━━ SUPPLIED MATERIAL ━━
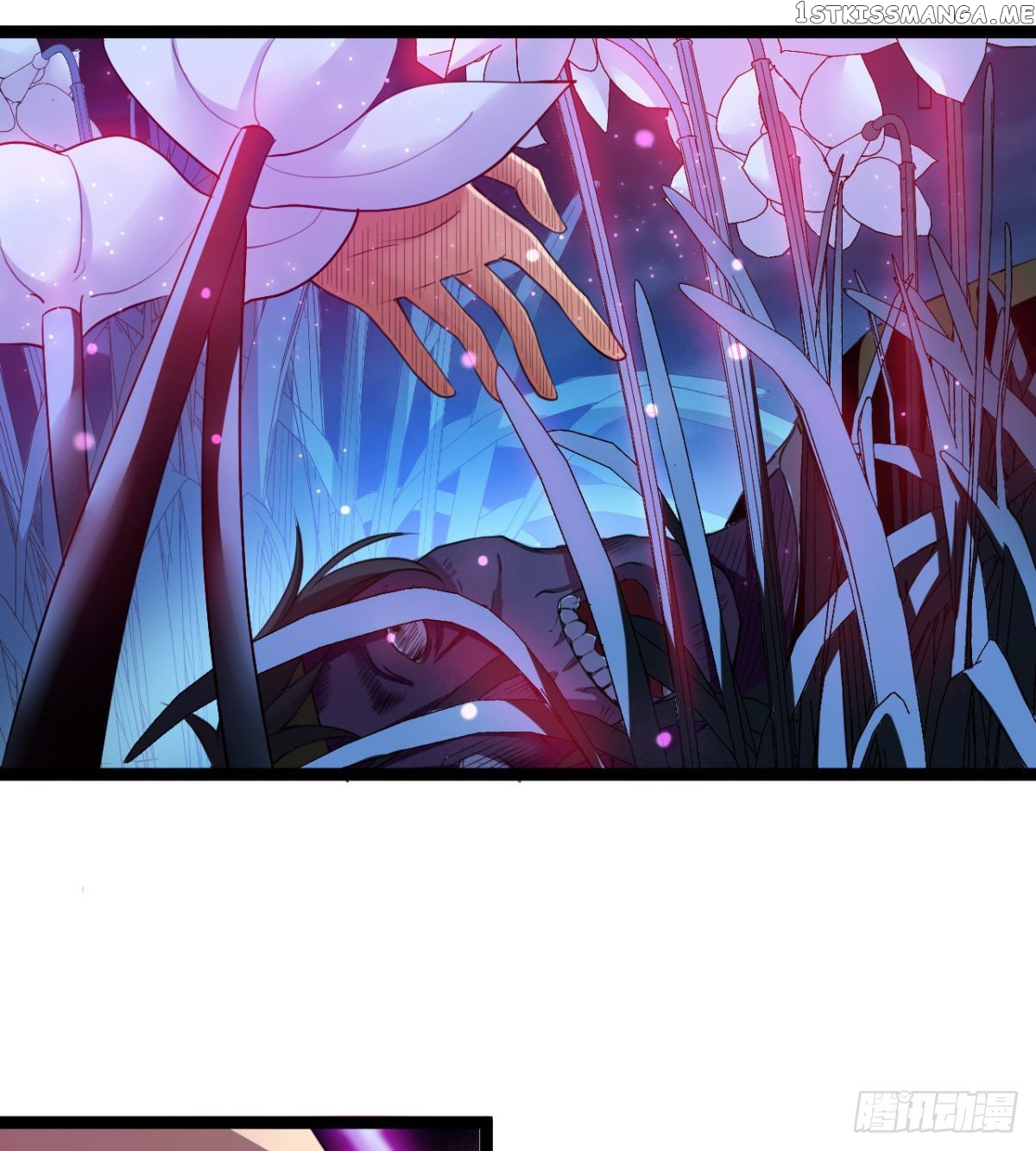 Junior Brother Demon Emperor is Really too Dedicated chapter 17 - page 44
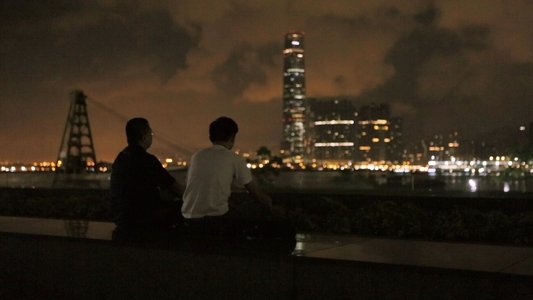 自主時代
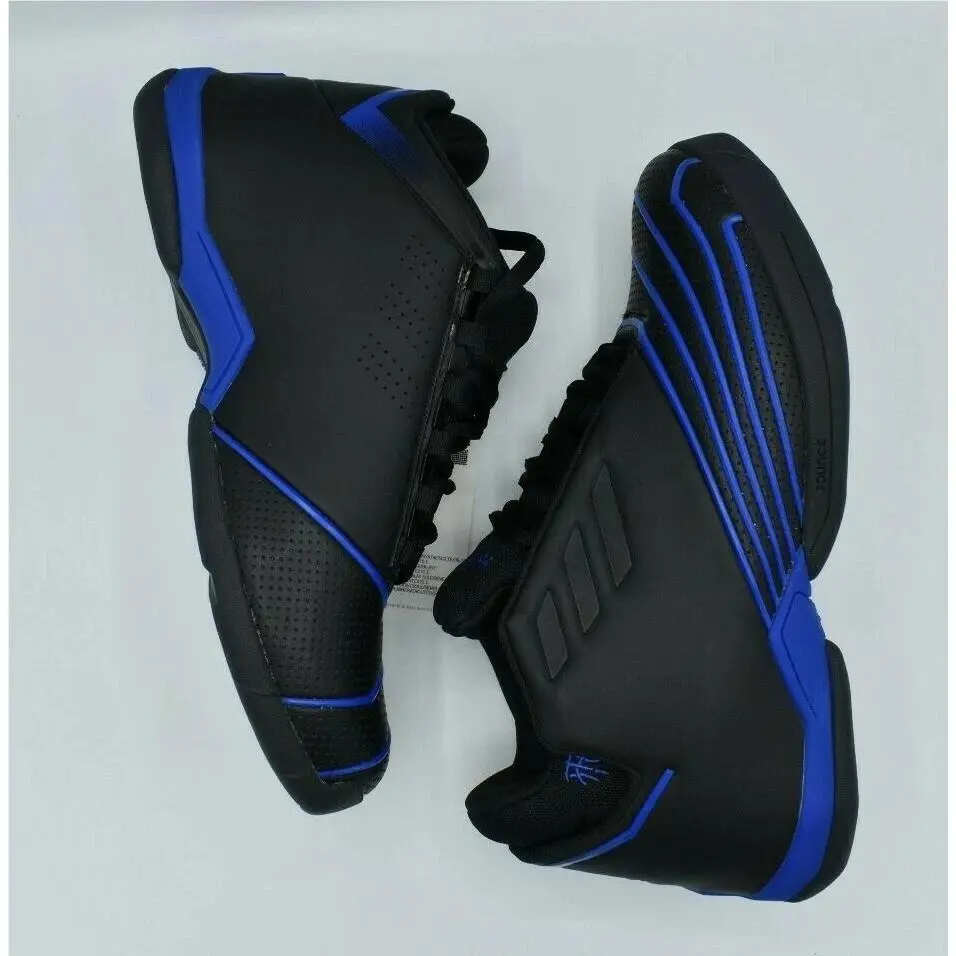 Adidas shoes - adidas T-Mac 2 - FX4992 - Black 10
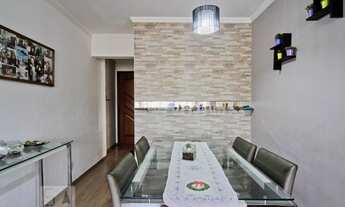 Imagem 4: Apartamento para Aluguel - Mandaqui, 2 Quartos, 65 m2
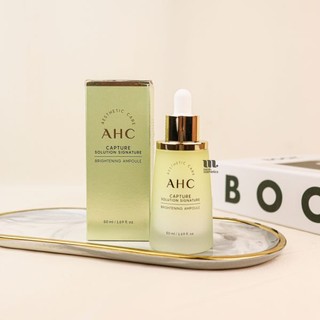 Tinh Chất AHC Capture Solution Prime Ampoule 50ml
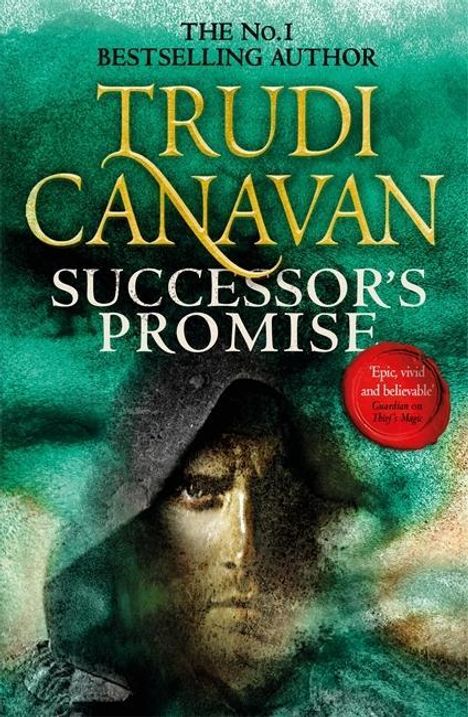 Trudi Canavan: Canavan, T: Successor's Promise, Buch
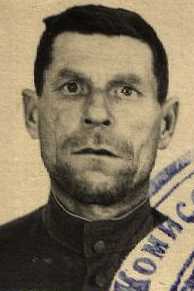 Санников Иван Федорович|Фаддеевич|Фадеевич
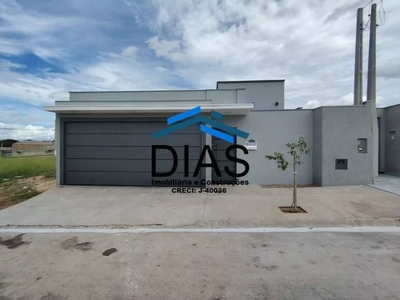 Casa, 3 quartos, 177 m² - Foto 1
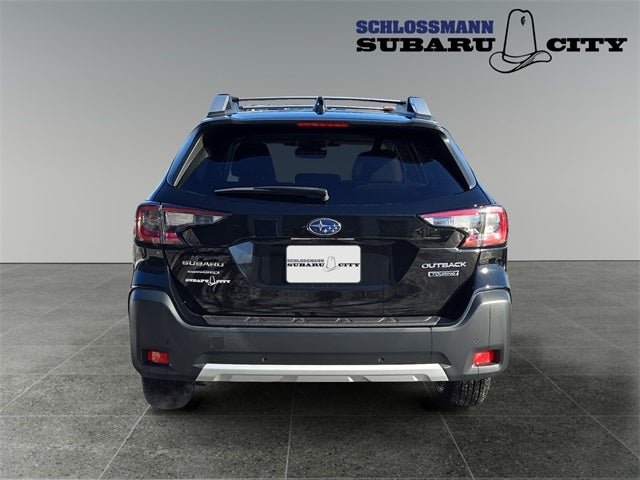 2023 Subaru Outback Touring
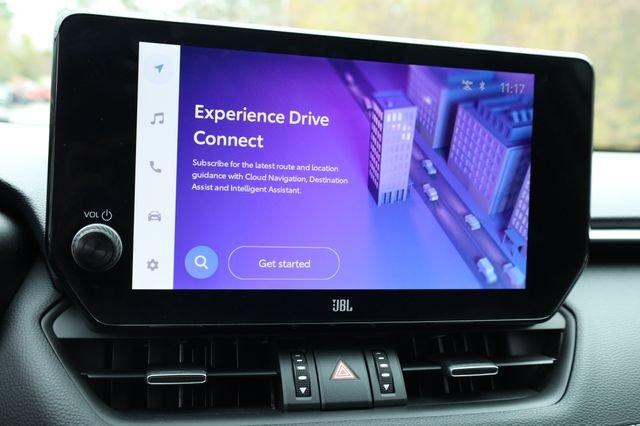 Toyota Rav4 Limited Awd - Thumbnail 6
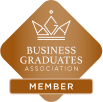Business School Membership Logo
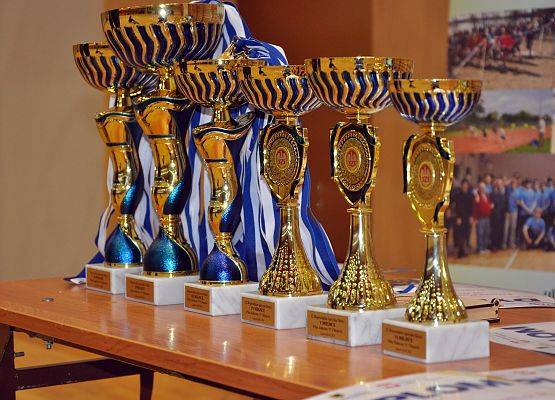 Finał wojewódzki 52. Igrzysk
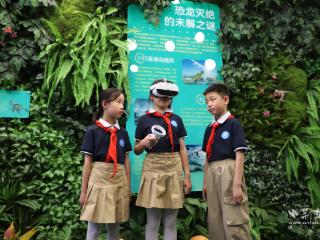 【数字教育绘荆楚】 “数字基因”激活智能时代“卓越教育”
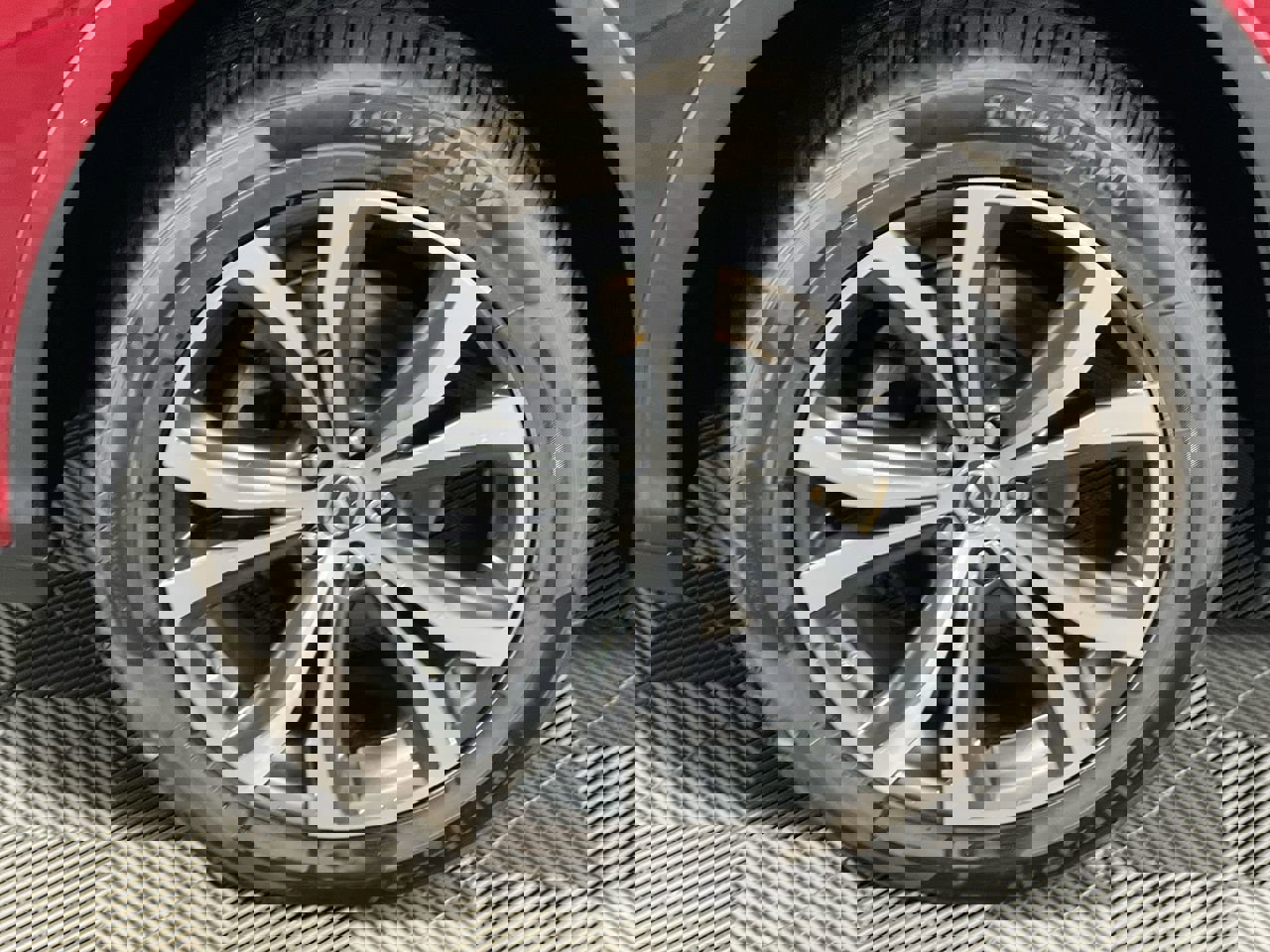 Used 2018 Lexus RX 350 FWD image 12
━━━
EXERCISE DETAILS |
Retype each line of the listing above word for word. Exclude the pictures.

SOLUTION TO THIS TASK |
 Junior Brother Demon Emperor is Really too Dedicated chapter 17 - page 44
 自主時代
 Adidas shoes - adidas T-Mac 2 - FX4992 - Black 10
 Imagem 4: Apartamento para Aluguel - Mandaqui, 2 Quartos, 65 m2
 Tinh Chất AHC Capture Solution Prime Ampoule 50ml
 Trudi Canavan: Canavan, T: Successor's Promise, Buch
 Санников Иван Федорович|Фаддеевич|Фадеевич
 Casa, 3 quartos, 177 m² - Foto 1
 2023 Subaru Outback Touring
 Toyota Rav4 Limited Awd - Thumbnail 6
Business School Membership Logo
 Finał wojewódzki 52. Igrzysk
 【数字教育绘荆楚】 “数字基因”激活智能时代“卓越教育”
 Used 2018 Lexus RX 350 FWD image 12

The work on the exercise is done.